Quanto al famigerato “clima” e relative variazioni, siamo con Antonio Zichichi e i 5 mila scienziati del mondo che, contro i 500 di Kyoto (quanto di più contraddittorio) sostengono che non vi sia una sola prova scientifica che il surriscaldamento sia veramente in atto, né che sia veramente irreversibile, né che sia influenzato dalle altrettanto famigerate emissioni. Quel che è certo è che vi è una pletora enorme di persone che sopra queste fandonie “ci mangiano”. Ma lo sapete misurare il business che si scatena per trasformare l’economia in “decarbonizzata”?

(D.)

Nota. Quanto a “scientificità”, gli italiani (restiamo qui perché solo è l’Italia che ci interessa) non hanno “ben” capito non solo Galileo, ma neppure Archimede (un corpo immerso in un fluido riceve una spinta pari… oppure, datemi un ponto fermo e vi sollevo il mondo), non sanno che il sole non “brucia” ma splende ed emana calore – come le altre stelle – per via di una continua reazione nucleare. Viceversa si sarebbe già spento da milioni di anni. Non sanno, quindi, neppure le “nozioni”. Figuriamoci se sanno che cosa significhi uscire fuori dal nozionismo e come, mentalmente ne escano di fatto.
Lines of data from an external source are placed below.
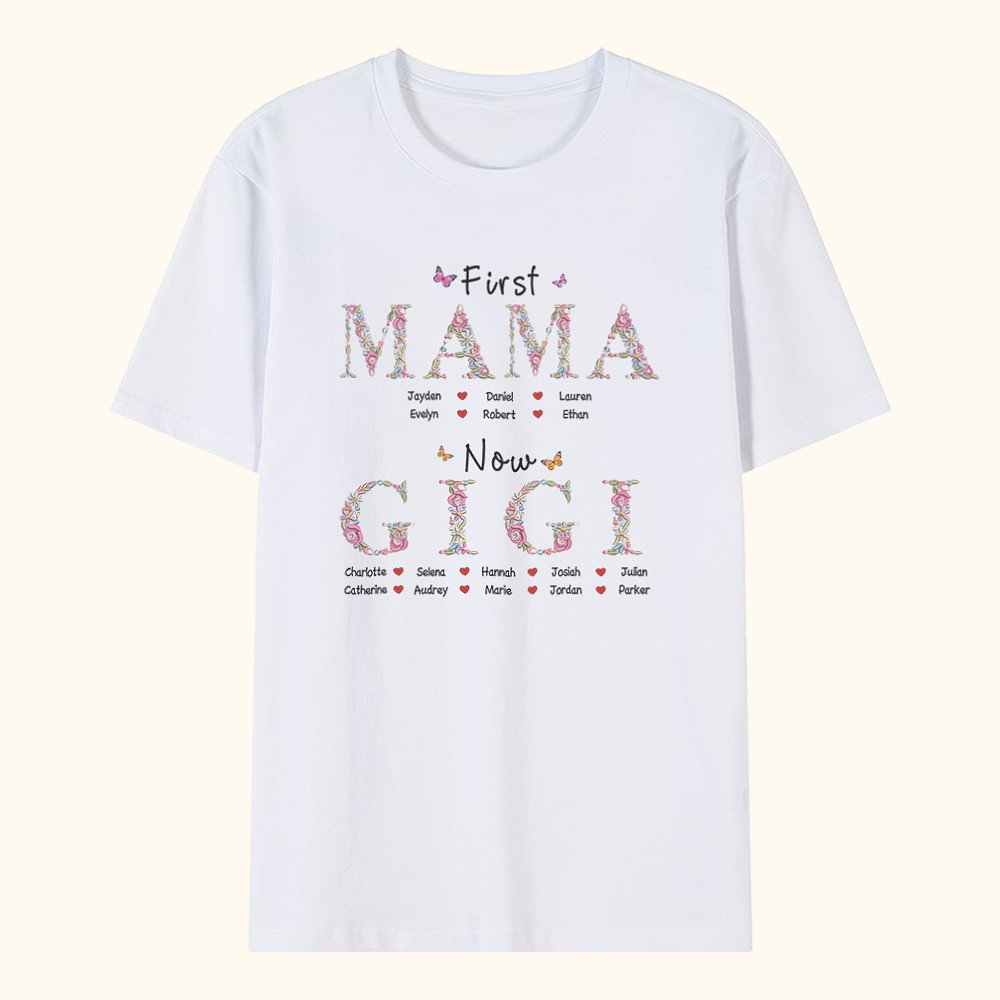 T-shirt avec Broderie Florale Personnalisé avec Noms des Enfants Cadeau Anniversaire Fête des Mères pour Grand-mère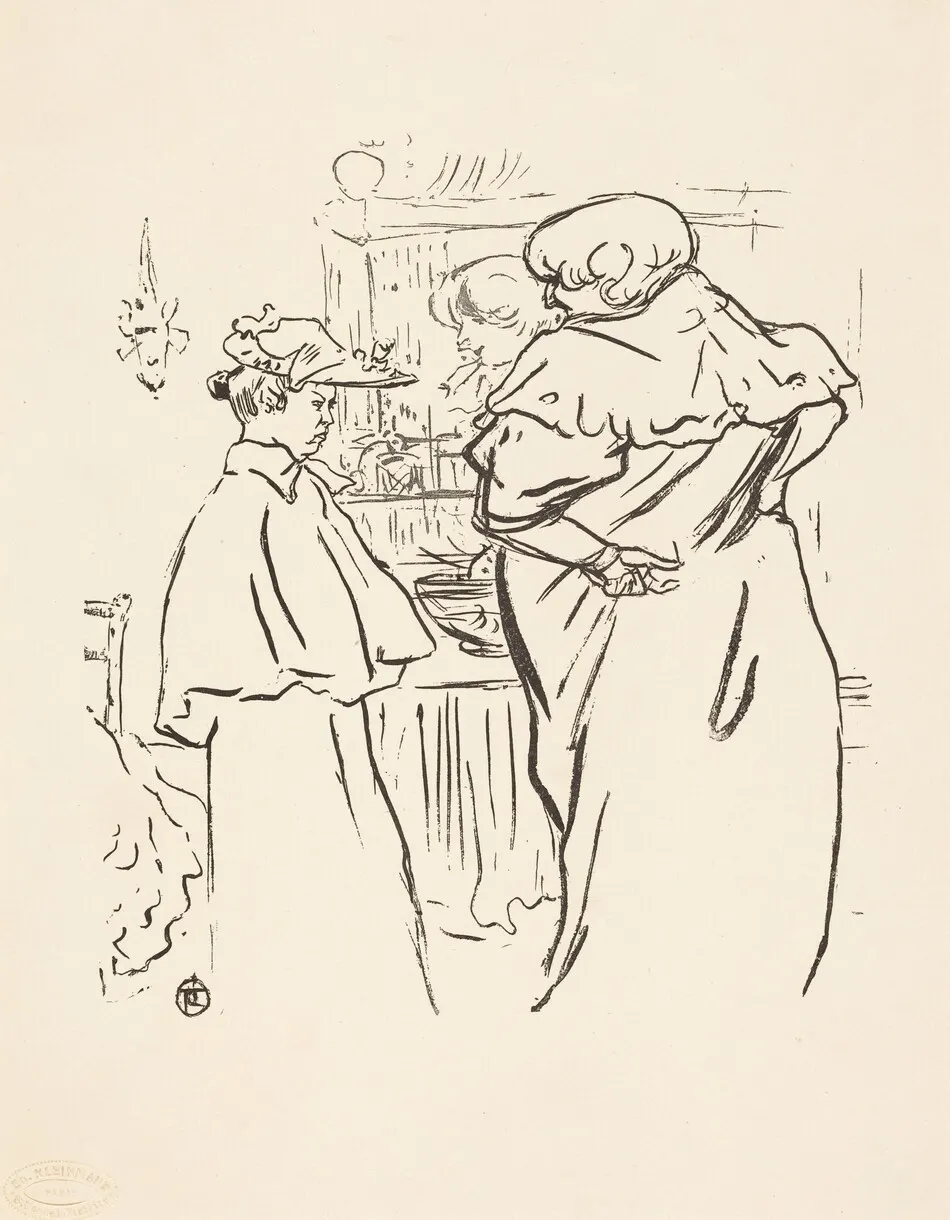 Two Women before a Mirror by Henri de Toulouse-Lautrec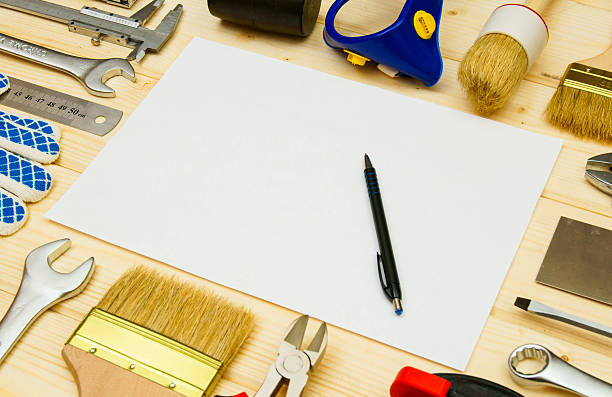 istock Paper for notes and set of working tools on wooden 469212278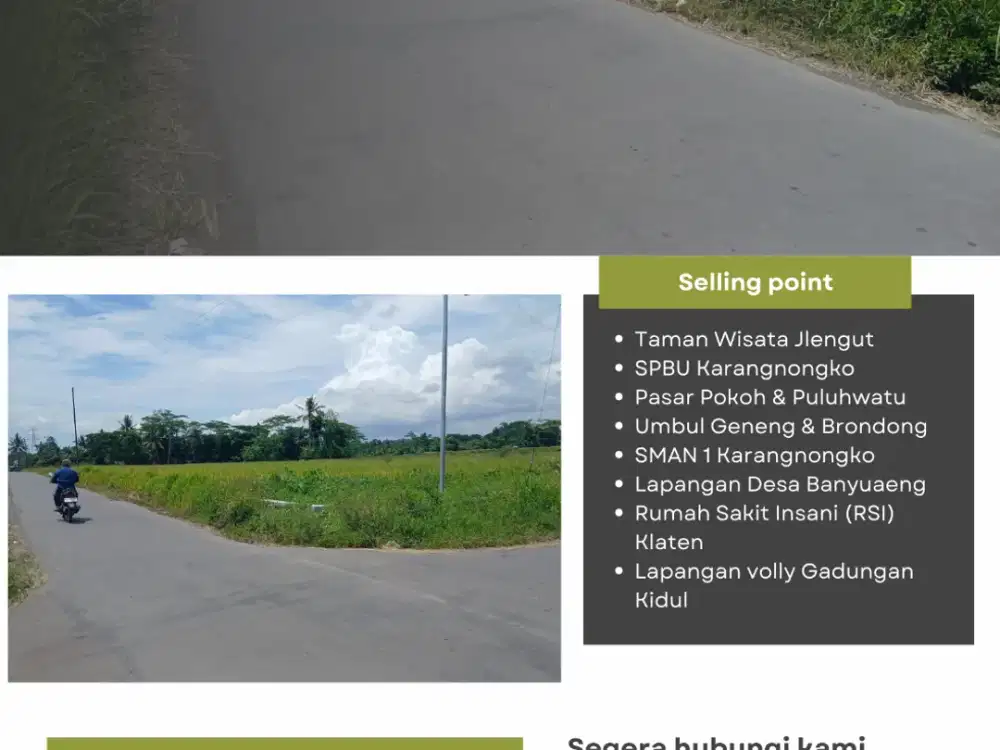 SAWAH STRATEGIS DEKAT PASAR POKOH KARANGNONGKO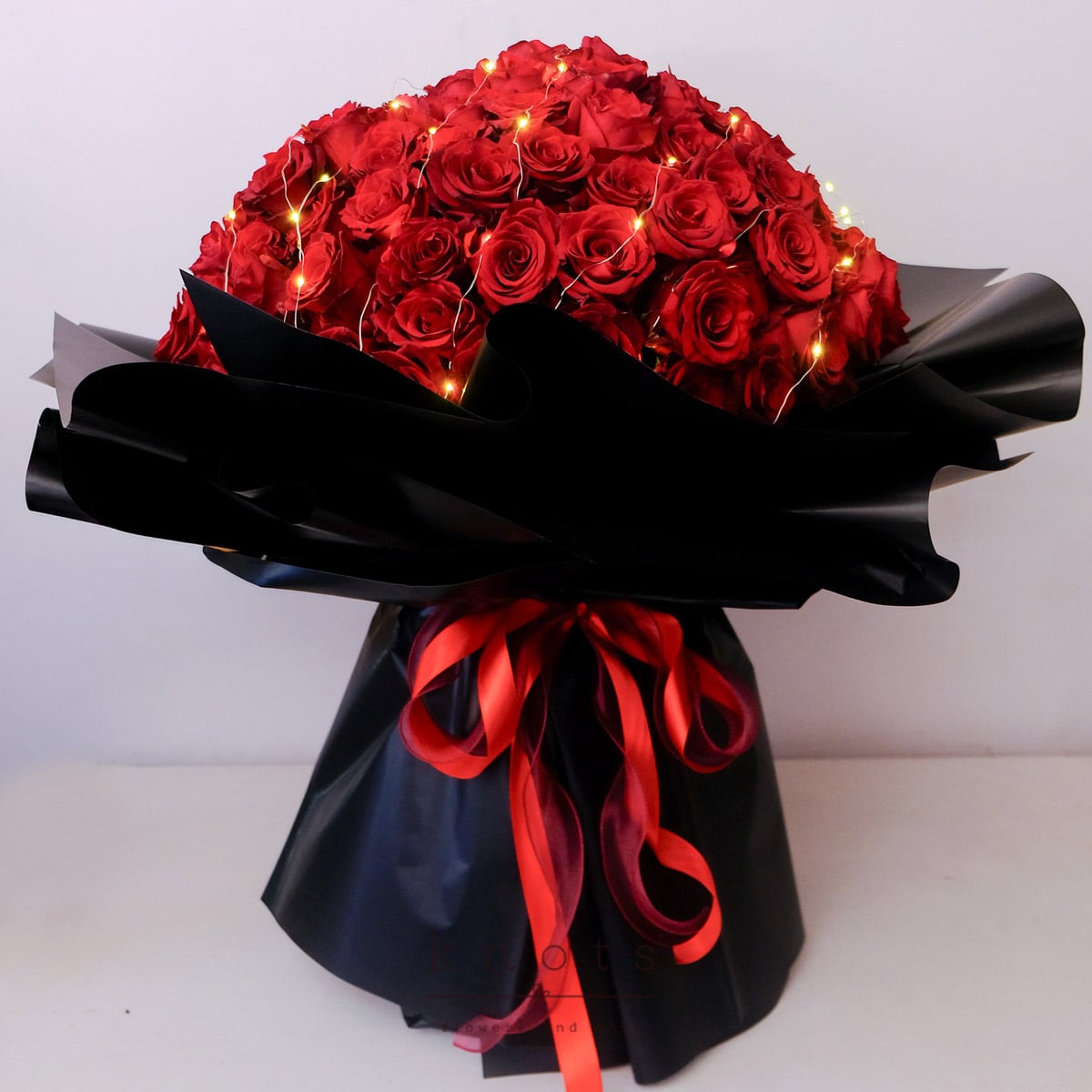Sweeten Lover’s Day (99 Red Ecuadorian Roses w/ Fairy Lights)
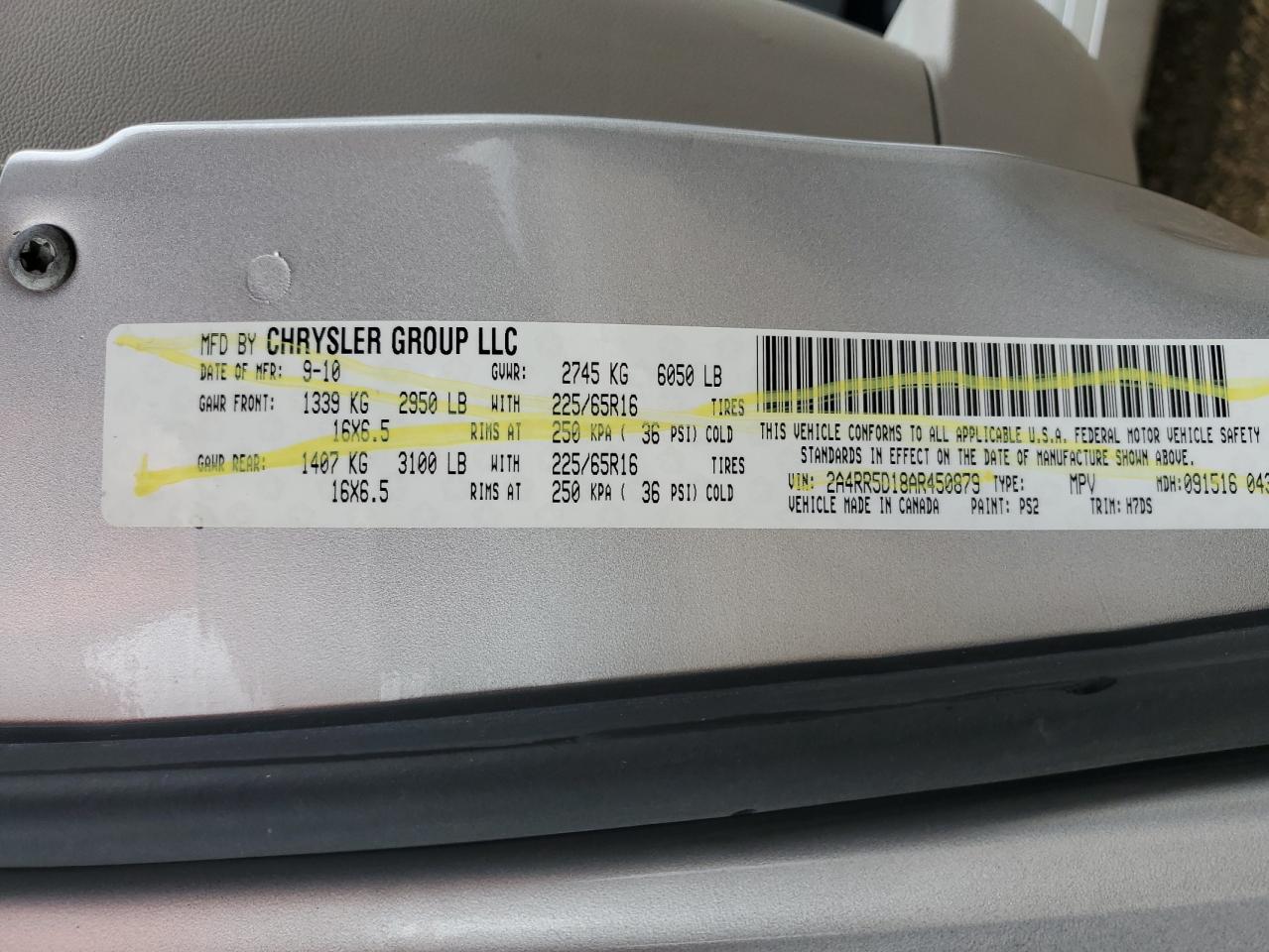 2010 Dodge Grand Caravan Sxt VIN: 2D4RN5D18AR261427 Lot: 71442315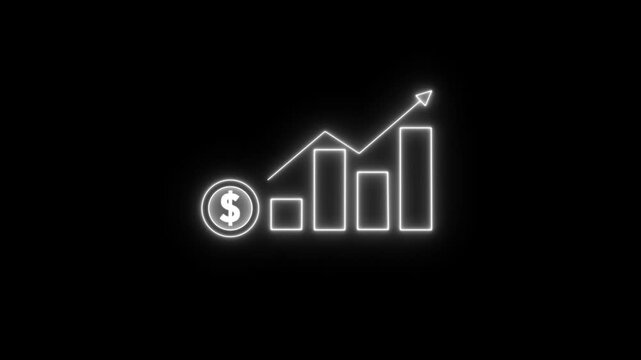 Neon financial growth chart with dollar coin glowing business analytics bar graph animation for corporate presentations and marketing reports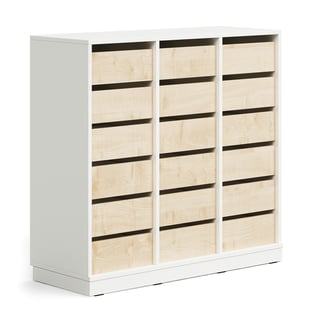 Schüleraufbewahrung CASPER, 18 Schubladen, Sockel, weiß/Birke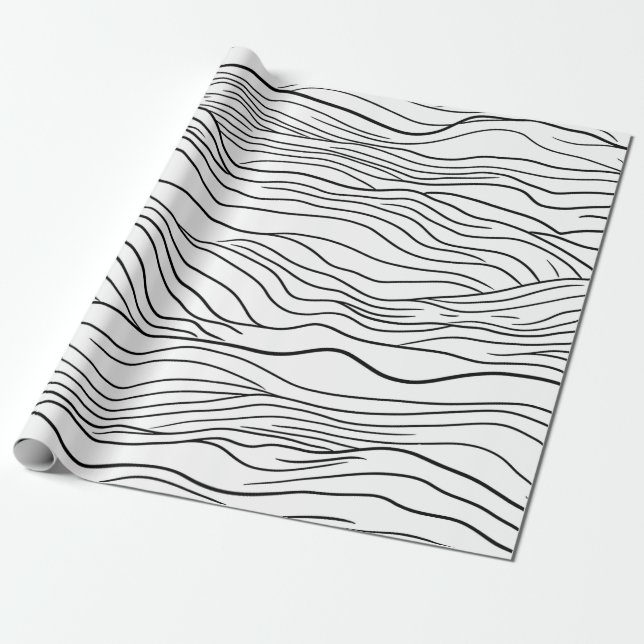 Black and White Hand-Drawn Wavy Line Pattern Wrapping Paper (Unrolled)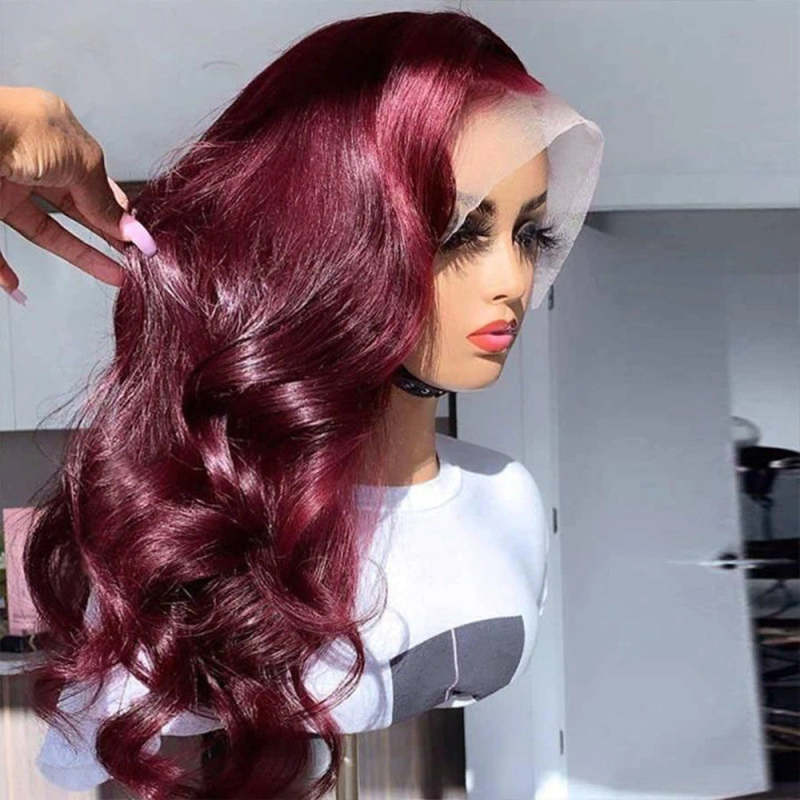 13x4 13x6 Lace Body Wave 99j Burgundy Wig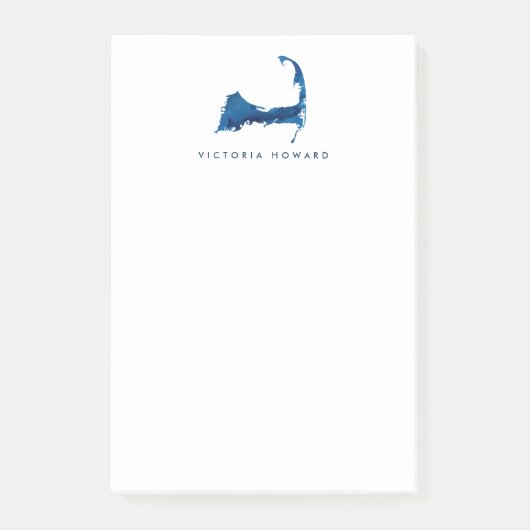 Post-it® Carte de la morue bleue Cape Cod Carte de monogram (Devant)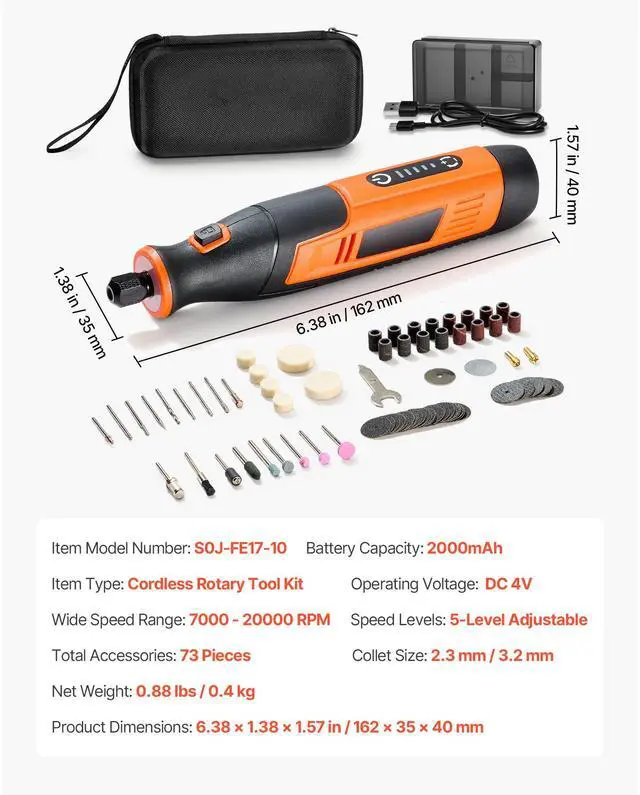 Alt view image 4 of 7 - 73-Piece Cordless Rotary Tool Kit, DC4V Portable Mini Power Rotary Tool, 5-Level Speed 7000-20000 RPM Multi-Purpose DIY Tools for Engraving, Sanding, Polishing, Carving, Cutting, DIY Crafts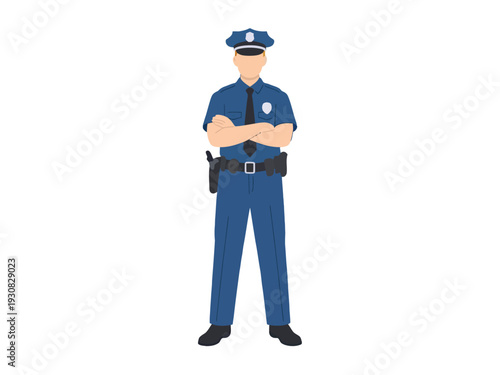 Cartoon police officer standing confidently in blue uniform with crossed arms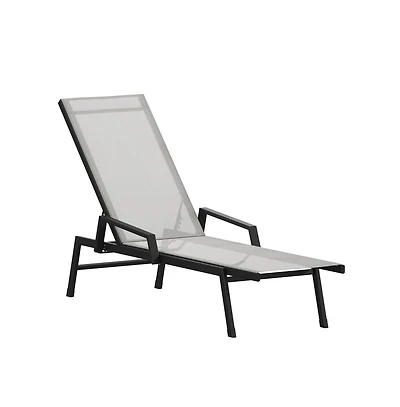 Emma+Oliver Braelin Textilene Adjustable 5 Position Patio Chaise Lounge With Armrests And Metal Frame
Lasciamo un paio di “temini” ai docenti di tutta Italia: Un po’ di titoli: “Il nozionismo e il suo contrario”. O peggio: “Idealismo filosofico, ideali e ideologie”. Non per screditare i professori – ne abbiamo di bravi che li svolgerebbero bene, anche benissimo – ma la “massa” scriverebbe temi da comica finale o consegnerebbe foglio bianco.

Il più bel biglietto da visita della cultura italiana nel mondo è la musica lirica e l’italiano medio non sa riconoscere una romanza della Traviata da una de La Bohème, non conoscono il ruolo innovativo di Rossini, il perché della grandezza di Verdi, che cosa sia esattamente la realtà dell’Accademia Nazionale di Santa Cecilia a Roma, la differenza fra l’Accademia, l’Orchestra e l’Auditorium Parco della musica…

Chi (di noi, a questo punto)  conosce l’importanza della musica barocca e tantomeno sa riconoscerla?  Eppure è una svolta della musica mondiale. Vittorio Sgarbi ci prese tutti in contropiede facendoci notare che non concepivamo neppure l’importanza di Piero della Francesca: “senza di lui la pittura italiana avrebbe avuto un’altra storia”. E noi eravamo fermi alle elementari: Michelangelo, Raffaello… Tiziano? Ma è importante quanto i primi due? E poi: La Gioconda. Ma Leonardo non inventò il primo sommergibile? Era anche un pittore? Ma, sta Gioconda, perché è l’opera più famosa al mondo? Tanto bella non é, non si capisce da che parte guarda…   Insomma, l’italiano medio non sa  neppure che cosa ci sia fuori della propria porta, non conosce neppure se stesso. Vogliamo dire, in un modo o nell’altro, che viene “lasciato” nella propria crassa ignoranza, già in fatto di cultura generale. Figuriamoci in fatto di scienza e tecnica.

Infine, scienza e religione hanno poco a che vedere, sempre …tecnicamente. Più che negarsi l’un l’altra, non si incontrano. La religione, infatti, si occupa del “trascendente”, la scienza – invece – dell’ “immanente”. E ovvio che la scienza debba essere laica. Ma, per la verità che abbiamo affermato, la scienza non potrà mai provare la verità della religione, ma non potrà mai neppure provare il suo contrario. (G.S.)